Djamel Belmadi’s appointment as Alegria’s soccer team coach is being greeted with adulations.

Djamel Belmadi’s appointment to the Desert Foxes’ managerial helm is being greeted with adulations.

The 42-year-old’s arrival is likened to a coup despite the exorbitant fees attached to the four-year deal he’d signed with the Algerian Football Federation.

The wave of optimism is apparent with even the staunchest of critics forced to halt their deride and for once embrace the ‘newest good’ walking towards Algerian football’s path with Djamel’s coming.
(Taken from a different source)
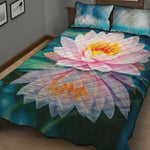 Pink Water Lily Print Quilt Bed Set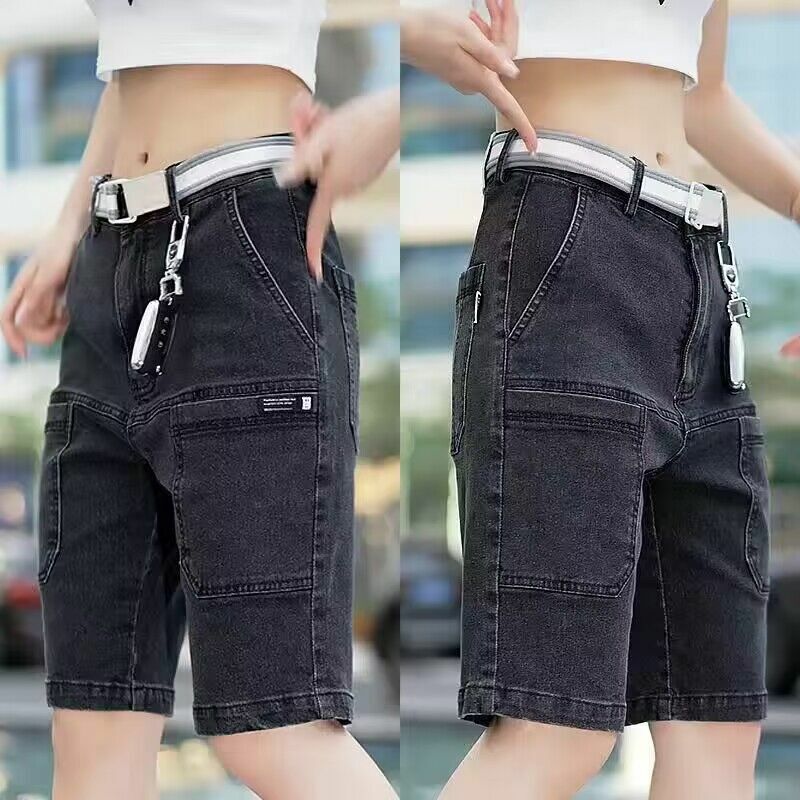 Modne letnie wytrzymałe dżinsowe spodnie Cargo męskie z sześcioma kieszeniami stylowe kowbojskie Harajuku proste wysokiej jakości spodnie Streetwear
Born in France but an erstwhile player of the Desert Foxes in a flashy career that led to stops at Marseille, Manchester City and Southampton, the pragmatic figure also boasts of a prepossessing CV, justifying the plaudits being thrown his way.

Uniting an Algerian squad littered with big personalities and egos is an undertaking difficult to cope with as previous coaches of the side found out. An Algerian tabloid however this week claim Belmadi’s rise to the hot-seat has, with immediate effect, earned the full blessings of a once known to be divided dressing room.

The positivity surrounding the 42-year-old’s ascension directs to the coach’s latest success of securing Al-Duhail Sporting Club the Qatar Stars’ League gong. But can the former Manchester City star who’d never coached outside of Qatar qualify the Desert Foxes to next year’s Cameroon Africa Cup of Nations?

Finishing the qualifying campaign on a high and reaching the finals in Yaoundé headlines the coach’s priority list. Algerian fans have massive expectations, a thing cemented by notion that quality is the least of the current generation of Desert Foxes worries.

With virtually no room for a honeymoon following his new job and with a constantly expectant legion of fans, Belmadi will soon be confronted by the realities on the ground and perhaps realise that the Algerian coaching role is no tea party.

Gambia will be his first assignment and thus faces race against time to deliver with just less than three weeks on his hands to prepare for the clash, taking place in the rival’s territory – Banjul, Gambia’s capital.

The gaffer will be new to the stars and so is he to the players. This will be the erstwhile Al Duhail tactician’s primary challenge. He will be expected to quickly familiarize with his new players. There are no test games to enable such auditions, making the training ground the only venue available to Djamel to base his selection on.

Gambia’s Scorpions are also faced with a similar issue, leading to any attempts for an excuse in case of a shock defeat or draw in the opening game a tricky affair for the Algerian.

South Africa are the only ever side to run riot at the Bakau 30,000 capacity-seater Independence Stadium. That game ended with a star-studded Gambia losing 4-1. The history between the Scorpions and Desert Foxes is a telling case of what awaits the Algerians. If against all odds, the former Saints man pulls off a win, it will account for a brilliant flying start.

Pressure is already visible. The Desert Foxes have only won one match since turn of this year –a 4-1 romping of Tanzania – in the five matches they’ve played.

Sequence of losses to minnows Iran, Saudi Arabia, Cape Verde and heavyweights Portugal led to his predecessor’s dismissal and Belmadi knows he can’t afford that route.